Voici des extraits de la lettre franco-maghrébine 65, envoyée par l’association "Coup de Soleil". Un petit rafraichissement des mémoires...

Édito

L’abondance des événements et des publications liés à l’anniversaire des accords d’Evian ne doit pas nous faire oublier qu’il existe aussi une vie quotidienne, plus modeste, mais dont pourtant les acteurs éprouvent un grand besoin de parler et de témoigner. Ce qui prend souvent la forme de romans, tant il est vrai que ce genre littéraire est vaste, souple et très inclusif. Le roman peut être inspiré par l‘autobiographie, ce qui est le cas de celui de Fawzia Zouari, « Par le fil je t’ai cousue » ; ou bien il prend la forme d’une fresque plus vaste, portant sur plusieurs individus et générations comme dans « Soleil amer » de Lilia Hassaïne. Il peut aussi, à partir d’un cas particulier, affirmer une tendance ethnographique, comme le fait « La Nuit de l’Amazone » de Bernard Zimmermann, ou une ambition historique comme on trouve dans le livre-enquête auquel a participé Tramor Quemeneur, « Mourir à Sakiet ».

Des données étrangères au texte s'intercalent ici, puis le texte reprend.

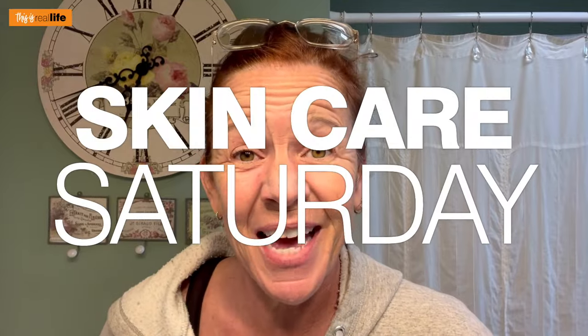Hello everyone and welcome back to This Is Real Life. I'm your host Sheri, and on today's Skincare Saturday video we're taking a break from the face and we're doing something with the hair.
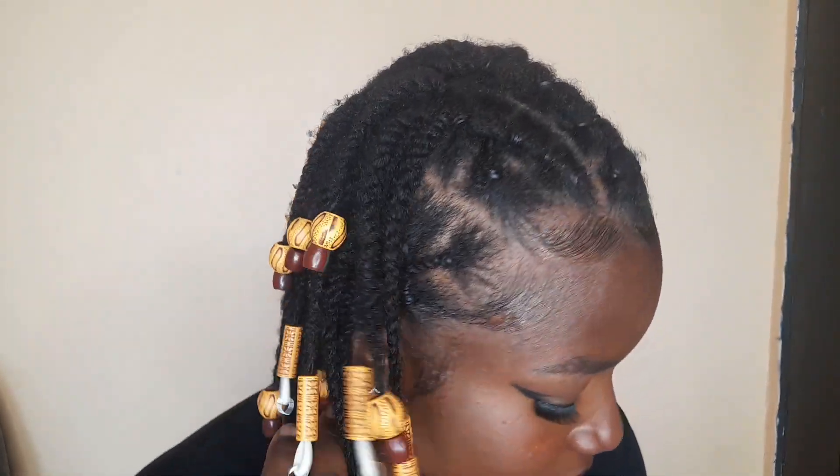Just like that criss-cross look, but that was one sided. This time around, I completed it throughout the front of my hair and this is the look!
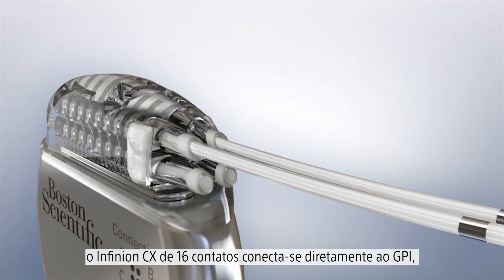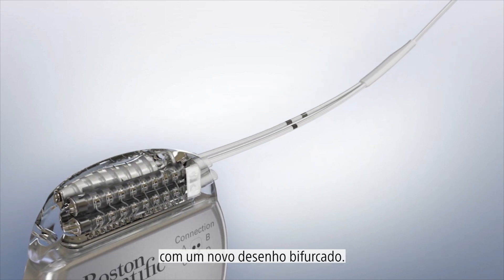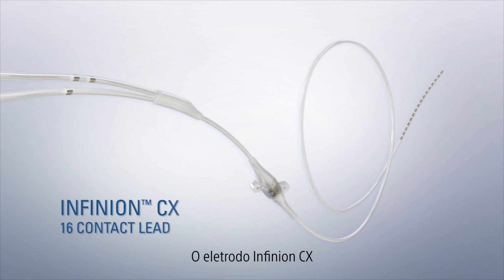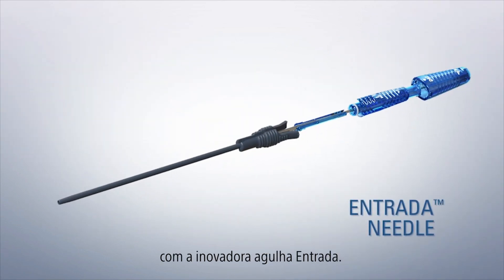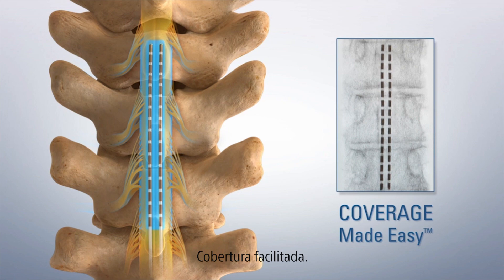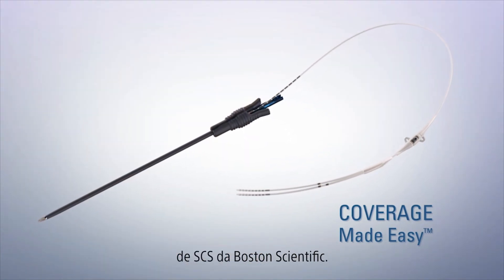The 16-contact Infineon CX connects directly into the IPG with a new bifurcated design. The Infineon CX lead with the innovative Entrada needle. Coverage made easy. Exclusively for Boston Scientific SCS Systems.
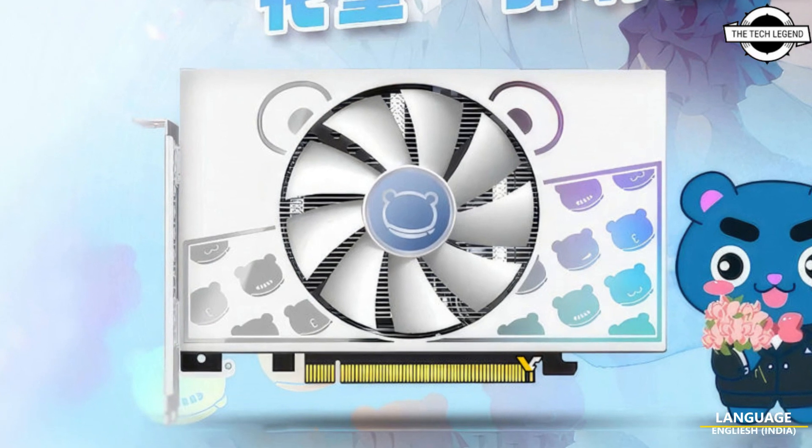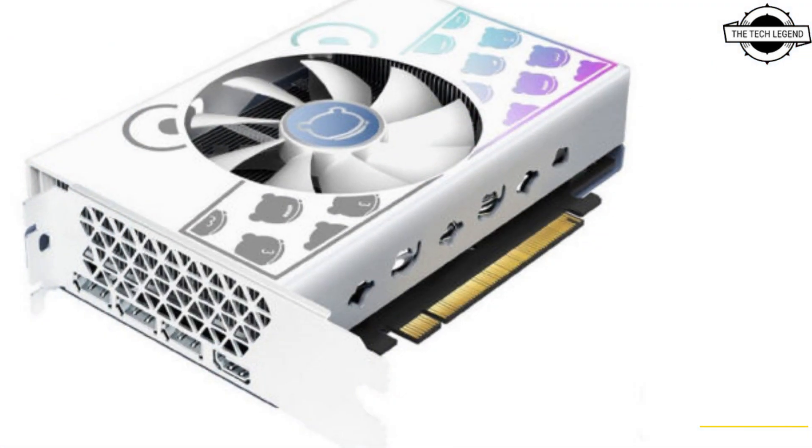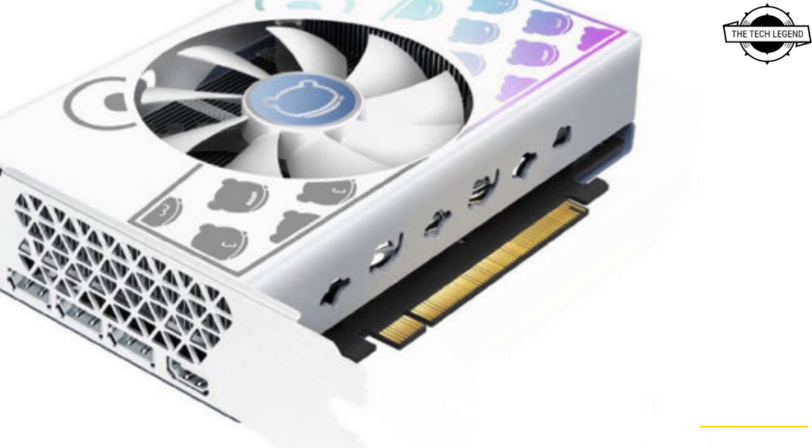Hello friends, welcome to the TechLizan channel. Today I will talk about the Yeaston RTX 4060 Cute Pet Mini ATX graphics card.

Par ailleurs, nous continuerons à suivre le témoignage très personnel, littéraire et souvent poétique du Marocain AbdallahTaïa dans « Vivre à ta lumière ».

Enfin nous attirons avec force l’attention sur un film, « De nos frères blessés » par Hélier Cisterne, d’après le livre de Joseph Andras (2016) dont nous avons déjà parlé : L’acteur Vincent Lacoste y joue excellemment le rôle de Fernand Yveton, accusé de terrorisme et guillotiné par l’Etat colonial au début de la Guerre d’Algérie.

Denise Brahimi

« PAR LE FIL JE T’AI COUSUE » par Fawzia Zouari, éditions Plon, 2022

.../...Toute l’action se passe dans le village où l’auteure est née, près du Kef à l’ouest de la Tunisie, c’est-à-dire fort loin de Tunis, et elle se présente à nous comme une petite villageoise coupée des réalités ; c’est d’ailleurs le thème dominant de tout le livre, elle s’effraie de constater qu’elle n’a rien su de ce qu’est le monde sans doute jusqu’à ce qu’elle quitte la Tunisie pour venir à Paris. Toute la première partie de sa vie a été enfermée dans une sorte d’enclave d’un archaïsme total, marquée par le refus de savoir et de connaître et surtout par la peur qui en est l’origine—peur qui sans doute caractérise principalement sa mère mais que celle-ci impose à ses enfants avec une intransigeance et une dureté inouïe. Et l’on peut ajouter d’emblée que cette peur inhérente à la mère, entraînant une totale fermeture au monde, concerne obsessionnellement toute intrusion de la sexualité dans la vie de ses filles, principalement les deux aînées, l’auteure du livre ayant droit, à partir du moment où elle a une dizaine d’années, à un statut particulier grâce à son père, un homme libéral et bon. L’enjeu ou en tout cas la forme que prennent la peur et l’enfermement porte sur le rapport à l’école : Bourguiba, premier président de la Tunisie indépendante (1956) a rendu l’école primaire obligatoire pour les filles comme pour les garçons, mais dans la famille Zouari les premières sont empêchées de poursuivre toute scolarité au-delà de ce premier stade, malgré les efforts d’une institutrice consciente des dons remarquables qui caractérisent au moins l’une des deux sœurs aînées. Elles végéteront dans l’inaction et dans l’attente d’un mariage évidemment imposé
.../...

On voit bien que Fawzia Zouari s’interroge beaucoup sur cet état dans lequel elle a vécu pendant une dizaine d’années, et il faudra encore bien plus longtemps semble-t-il pour qu’elle se délivre elle-même.../...
Denise Brahimi

« SOLEIL AMER » par Lilia Hassaine, éditions Gallimard, 2021

L’auteure, qui a déjà écrit un autre livre avant celui-là, est principalement une journaliste qui avant même d’avoir trente ans a déjà commencé une belle carrière dans les médias. Le succès lui sourit, elle a également été mannequin pour le couturier Jean-Paul Gaultier, ce qui laisse à penser qu’elle s’est peut-être inspirée d’elle-même pour le personnage de Nour, belle jeune fille indépendante voire révoltée qui quitte sa famille pour vivre librement sa vie dès qu’elle atteint sa majorité. Mais en dehors de cela, le livre ne semble pas d’inspiration autobiographique, à la différence d’un grand nombre de récits qu’on peut lire aujourd’hui et qui racontent souvent à la première personne l’enfance et l’adolescence de leur auteur(e) dans une famille franco-maghrébine immigrée en France après la deuxième guerre mondiale.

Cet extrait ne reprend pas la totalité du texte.